NEW ALBANY —
A New Albany lawyer who is a Floyd County judge candidate paid a fine for an alcohol-related offense Tuesday — more than two years after he was scheduled to settle with the court.
Richard Rush, candidate for Floyd County Superior Court No. 2 Judge, paid the $664 fee owed to Jeffersonville City Court stemming from a guilty plea in 2011 to the criminal charge.
According to court records, Jeffersonville City Court Judge Ken Pierce gave Rush a pay date of April 13, 2012, but that balance was never paid.
Rush, New Albany, said his obligation to the court “fell off the radar,” after he was told by his attorney Brad Jacobs not to make a payment, as an attempt was being made at the time to have the fee waived.
“I hired Brad Jacobs to represent me, and, so, even though I am an attorney, when I have something going on and an attorney working for me, I am going to do what my attorney tells me to do,” Rush said, adding that he was under the impression Jacobs was going to have, at least, a portion of the fee waived. “It has been a long time ago. My memory fades of our exact conversation, but he told me to hold off on paying it. He was going to see if he could get it [the fee] waived.”
Rush said nearly two years passed before he received a call from Jacobs on the matter earlier this week.
Jacobs said he was contacted Monday by officials from the city’s court or the clerk’s office — he was unsure which — only after the News and Tribune had inquired to the court staff about Rush’s unpaid balance and the lack of an issuance of an arrest warrant to obtain the fee.

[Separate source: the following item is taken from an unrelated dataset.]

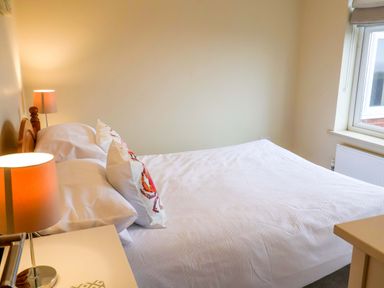 A bedroom with a bed and bedside table at Cliff Cottage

Before the final pay date, Jacobs said Pierce refused a request to waive the fee, but in subsequent efforts to minimize the balance, the case somehow deviated from the standard path.
Pierce declined to provide comment, but it appears Jeffersonville City Court lost track of the case, and no warrant was issued for Rush’s arrest when the pay date came and went without payment.
Records show that Rush has been given two pay dates, in October and November 2011, to settle the $664 fee. Rush failed to appear for the November pay date, and Pierce issued a warrant for his arrest.
More than two months later in January 2012, Pierce withdrew the warrant and set another pay date for the following April, which was the last movement on the case, until this week.
Why no arrest warrant was issued after Rush’s April pay date is unknown, other than possible court staff oversight.
Rush said favoritism is not a factor in him not being forced to pay the fee sooner, such as the court issuing a warrant for his arrest after the pay date had passed.
“I think that if Ken [Pierce] was showing any favoritism in some fashion, Judge Pierce would have been the one to have waived the fees. The fees, obviously, were not waived,” Rush said. “I think Judge Pierce did his job the way he was supposed to do. I wasn’t treated any differently than anyone else.”
Rush said, from his experience as an attorney, it is not out of the ordinary to have a pay date extended.
“Pay dates are moved quite often, and my understanding was .... that Jacobs had made a request and had the case pulled for the purposes of seeing if the fees can get waved, so it got out of its normal flow of things,” Rush said.
The case stems from a June 2011 traffic incident resulting in three preliminary misdemeanor counts of operating while intoxicated, which were later amended to a single count of public intoxication.
“I just put my trust and faith in Brad [Jacobs],” Rush said. “If he told me not to pay because he was going to get it waived, then, of course, that is what I am going to do. And, when he told me yesterday to pay, I went and paid.”